**WORK REQUIRED**
Retype, word for word, every line of the records below starting at the one that contains "A graduated string" and ending at the one that contains "A man in a suit"; include both of those lines and nothing more.

===== INFORMATION SUPPLIED =====

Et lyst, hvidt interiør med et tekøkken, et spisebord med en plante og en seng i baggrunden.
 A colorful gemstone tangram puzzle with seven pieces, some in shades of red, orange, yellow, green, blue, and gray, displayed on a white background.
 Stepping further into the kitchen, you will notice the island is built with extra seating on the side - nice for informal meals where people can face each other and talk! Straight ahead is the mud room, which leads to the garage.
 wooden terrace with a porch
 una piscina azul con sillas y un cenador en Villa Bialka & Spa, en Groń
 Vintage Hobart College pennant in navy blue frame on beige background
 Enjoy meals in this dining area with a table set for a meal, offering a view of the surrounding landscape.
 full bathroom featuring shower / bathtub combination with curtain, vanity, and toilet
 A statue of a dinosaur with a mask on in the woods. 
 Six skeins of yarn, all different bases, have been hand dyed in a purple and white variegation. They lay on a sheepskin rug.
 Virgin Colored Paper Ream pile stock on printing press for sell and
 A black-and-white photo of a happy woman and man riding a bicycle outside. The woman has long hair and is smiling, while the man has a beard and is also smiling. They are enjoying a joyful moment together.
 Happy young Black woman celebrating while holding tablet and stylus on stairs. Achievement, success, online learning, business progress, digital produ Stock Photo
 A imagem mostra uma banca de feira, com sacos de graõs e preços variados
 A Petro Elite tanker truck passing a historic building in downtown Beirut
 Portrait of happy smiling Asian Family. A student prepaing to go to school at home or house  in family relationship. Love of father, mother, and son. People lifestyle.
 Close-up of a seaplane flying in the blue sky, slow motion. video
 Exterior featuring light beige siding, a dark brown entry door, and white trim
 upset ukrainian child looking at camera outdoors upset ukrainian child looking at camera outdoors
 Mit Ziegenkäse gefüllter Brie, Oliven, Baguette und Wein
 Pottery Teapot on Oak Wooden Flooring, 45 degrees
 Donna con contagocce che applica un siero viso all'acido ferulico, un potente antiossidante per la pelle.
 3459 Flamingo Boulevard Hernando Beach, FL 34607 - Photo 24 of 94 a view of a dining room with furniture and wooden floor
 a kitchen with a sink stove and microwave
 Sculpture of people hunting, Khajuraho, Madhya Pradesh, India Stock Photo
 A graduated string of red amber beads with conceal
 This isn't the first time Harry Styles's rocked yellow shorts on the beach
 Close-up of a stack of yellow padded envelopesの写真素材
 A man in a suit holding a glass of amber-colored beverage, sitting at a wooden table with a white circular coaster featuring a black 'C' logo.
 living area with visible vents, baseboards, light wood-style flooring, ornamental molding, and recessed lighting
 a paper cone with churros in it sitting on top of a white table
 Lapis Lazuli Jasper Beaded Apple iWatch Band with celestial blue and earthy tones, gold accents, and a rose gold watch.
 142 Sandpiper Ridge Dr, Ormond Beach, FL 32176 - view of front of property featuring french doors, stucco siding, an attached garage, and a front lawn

=====

**WRITTEN ANSWER**
 A graduated string of red amber beads with conceal
 This isn't the first time Harry Styles's rocked yellow shorts on the beach
 Close-up of a stack of yellow padded envelopesの写真素材
 A man in a suit holding a glass of amber-colored beverage, sitting at a wooden table with a white circular coaster featuring a black 'C' logo.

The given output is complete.